Sample Greedy¶

The sample greedy algorithm is a simple approach that subsamples the full data set with a user-defined sampling probability and then runs an optimization on that subset. This subsampling can lead to obvious speed improvements because fewer elements as selected, but will generally find a lower quality subset because fewer elements are present. This approach is typically used a baseline for other approaches but can save a lot of time on massive data sets that are known to be highly redundant.

API Reference¶

The stochastic greedy algorithm for optimization.
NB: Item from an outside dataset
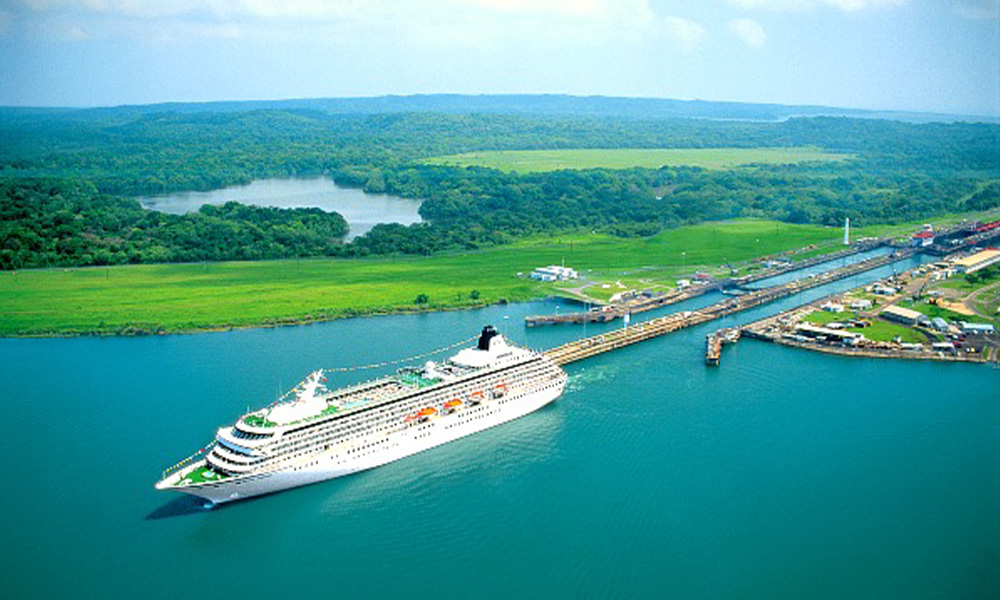Cruises Panama Canal Amazing Cruise Deals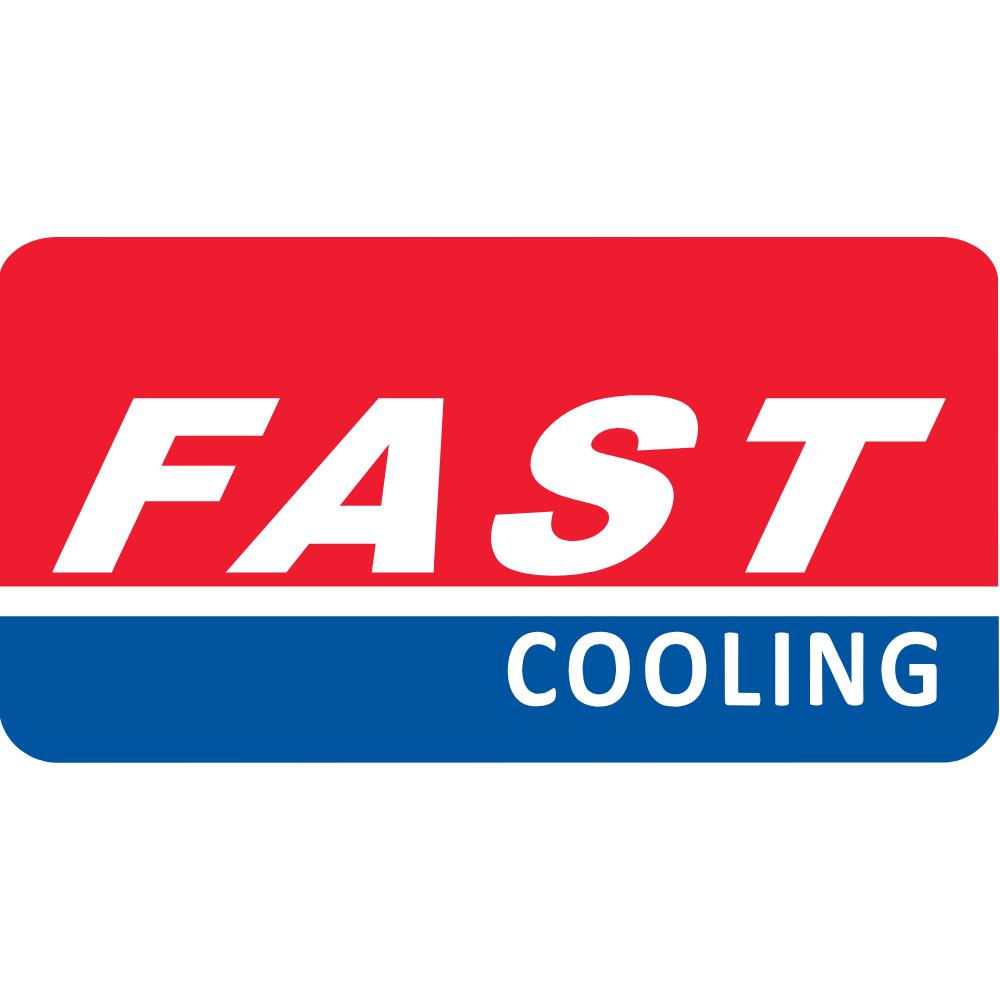 Fast Cooling Decal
This optimization approach is the stochastic greedy algorithm proposed by Mirzasoleiman et al. (https://las.inf.ethz.ch/files/mirzasoleiman15lazier.pdf). This approach is conceptually similar to the naive greedy algorithm except that it only evaluates a subset of examples at each iteration. Thus, it is easy to parallelize and amenable to acceleration using a GPU while maintaining nice theoretical guarantees.

Parameters¶

self.function : base.SubmodularSelection: A submodular function that implements the _calculate_gains and _select_next methods. This is the function that will be optimized.
epsilon : float, optional: The sampling probability to use when constructing the subset. A subset of size n * epsilon will be selected from.
random_state : int or RandomState or None, optional: The random seed to use for the random selection process.
self.verbose : bool: Whether to display a progress bar during the optimization process.

Attributes¶

self.function : base.SubmodularSelection: A submodular function that implements the _calculate_gains and _select_next methods. This is the function that will be optimized.
self.verbose : bool: Whether to display a progress bar during the optimization process.
self.gains_ : numpy.ndarray or None: The gain that each example would give the last time that it was evaluated.